Addressing a luncheon of the Israel Academics Committee on the Middle East, Sharon maintained that Israel could not give up any territory on the West Bank without endangering its existence and that it could afford only very limited further pull-backs on the Golan Heights, and then only in return for a full-fledged peace agreement with Syria.

According to Sharon, Egypt now has the capability of moving 1500-2000 tanks across the Suez Canal in one night. If Cairo did this under the strategic conditions that prevail today, Israel would have the option of mobilizing its forces and waiting for the next Egyptian move, he said.

BASIS FOR POSSIBLE PULLBACK

However, if Israel withdraws its forces any deeper into Sinai, that option would be denied and Israel would have to strike first at any sign of Egyptian massing east of the canal, Sharon added. He explained that the present alignment of forces is along a 100-mile front. If Israel withdraws beyond the Mitle and Gidi passes, given the configuration of the Sinai peninsula, the front would broaden to 200 miles, thinning out Israel’s forces and creating serious logistics problems.

The Likud leader emphasized that he was not opposed in principle to further Israeli pullbacks in Sinai within the framework of a peace treaty with Egypt He said his own view of a final settlement with Egypt envisioned the return of most of Sinai to Egyptian administration provided that the peninsula was demilitarized and that Israel retained control of Sharm el-Sheikh and the Abu Rodeis oil fields.
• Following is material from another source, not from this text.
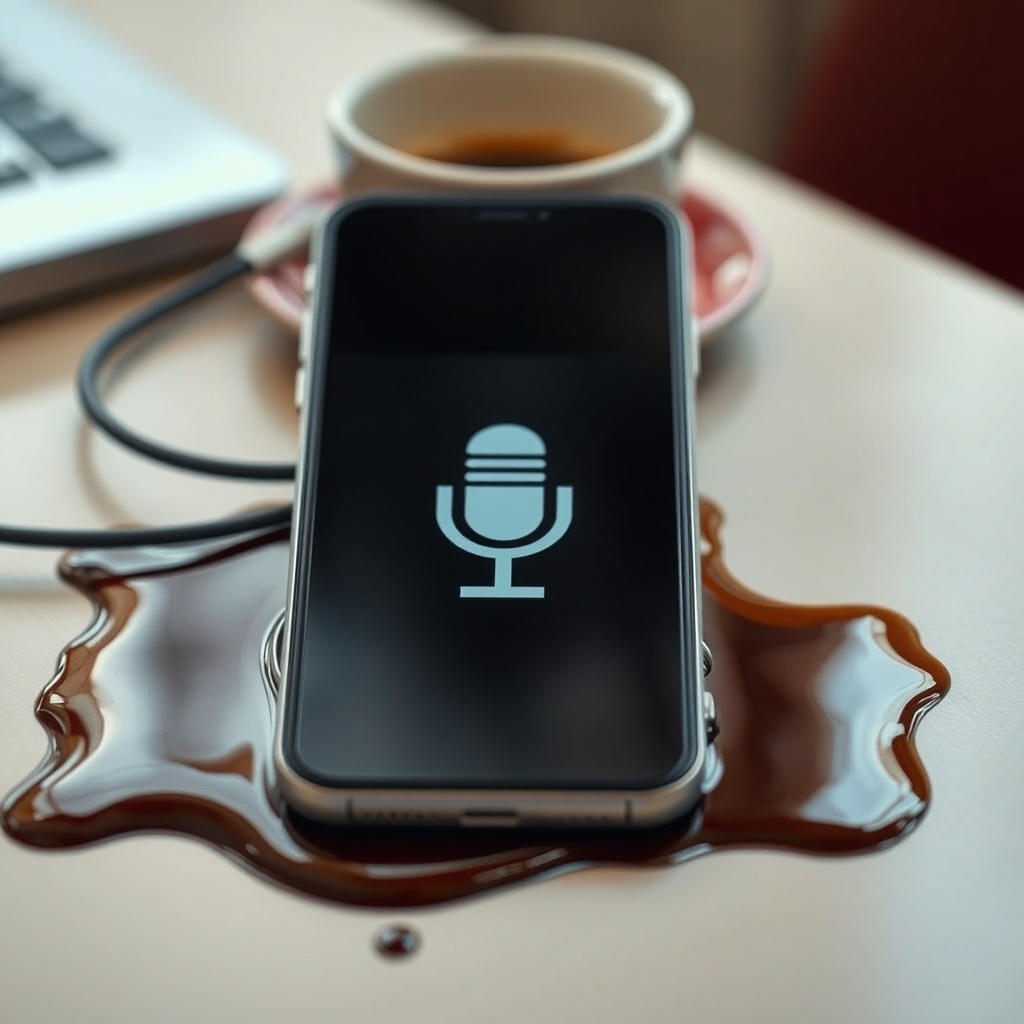 A smartphone on a table showing a blurred video call grid reflected in a spilled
With regard to the oil fields, he suggested that Israel would pay royalties to Egypt.

Sharon was pessimistic over the chances of a peace settlement with Syria. On the West Bank, he said, the issue was not who Israel negotiated with-whether the PLO or any other faction but the subject of negotiations. In his view, control of the West Bank is not open to negotiations with anyone but the political future of its inhabitants could be. a subject of discussion.